Source code in src/generators/random_dag_generator.py
class RandomDAGGenerator:
    """
    A class for the creation of random DAGs, with a potential causal interpretation.
    """

    DEFAULT_NUM_NODES = 10
    DEFAULT_EDGE_PROB = 0.25
    DEFAULT_EDGE_WEIGHT_RANGE = (-10, 10)
    DEFAULT_EDGE_NOISE_SD_RANGE = (-2, 2)

    @classmethod
    def generate(
        cls,
        num_nodes: int = DEFAULT_NUM_NODES,
        edge_prob: float = DEFAULT_EDGE_PROB,
        edge_weight_range: tuple[float, float] = DEFAULT_EDGE_WEIGHT_RANGE,
        edge_noise_sd_range: tuple[float, float] = DEFAULT_EDGE_NOISE_SD_RANGE,
        out_path: str = None,
    ) -> dict[str, object]:
        """
        Generates a random DAG pased on the provided parameters.

        Parameters:
            num_nodes: The number of nodes in the DAG.
            edge_prob: The probability of an edge existing between any two nodes.
            edge_weight_range: The range of edge weights.
            edge_noise_sd_range: The range of edge noise standard deviations.
            out_path: The path to write the DAG to. If None, the DAG is not written out.

        Returns:
            A dictionary with the following elements:
            - name: The name of the generated DAG.
            - graph: The generated DAG.
            - edge_matrix: The edge weights of the generated DAG.
            - noise_matrix: The noise standard deviations of the generated DAG.
        """

        # Create a random DAG. Order nodes and only allow "forward" edges to ensure DAG.
        G = nx.DiGraph()
        for i in range(num_nodes):
            G.add_node(f"v{i}", var_name=f"v{i}")

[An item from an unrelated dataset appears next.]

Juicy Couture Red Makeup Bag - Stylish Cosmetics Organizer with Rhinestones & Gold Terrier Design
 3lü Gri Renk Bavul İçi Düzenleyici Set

        edge_matrix = np.array(
            [
                [
                    (
                        0
                        if i >= j
                        else (
                            random.uniform(*edge_weight_range)
                            if random.random() < edge_prob
                            else 0
                        )
                    )
                    for j in range(num_nodes)
                ]
                for i in range(num_nodes)
            ]
        )

        noise_matrix = np.array(
            [
                [
                    (
                        0
                        if edge_matrix[i][j] == 0
                        else random.uniform(*edge_noise_sd_range)
                    )
                    for j in range(num_nodes)
                ]
                for i in range(num_nodes)
            ]
        )

        for i in range(num_nodes):
            for j in range(i, num_nodes):
                if edge_matrix[i, j] != 0:
                    G.add_edge(
                        f"v{i}",
                        f"v{j}",
                        weight=edge_matrix[i, j],
                        noise_sd=noise_matrix[i, j],
                    )

        # Write out optionally

        # hash the current timestamp to generate a dataset name
        dag_name = f"dag_{hashlib.md5(str(datetime.now()).encode()).hexdigest()[:8]}"
        if out_path:
            # Generation parameters
            generation_params = {
                "num_nodes": num_nodes,
                "edge_prob": edge_prob,
                "edge_weight_range": edge_weight_range,
                "edge_noise_sd_range": edge_noise_sd_range,
            }
            with open(os.path.join(out_path, f"{dag_name}_parameters.json"), "w") as f:
                json.dump(generation_params, f)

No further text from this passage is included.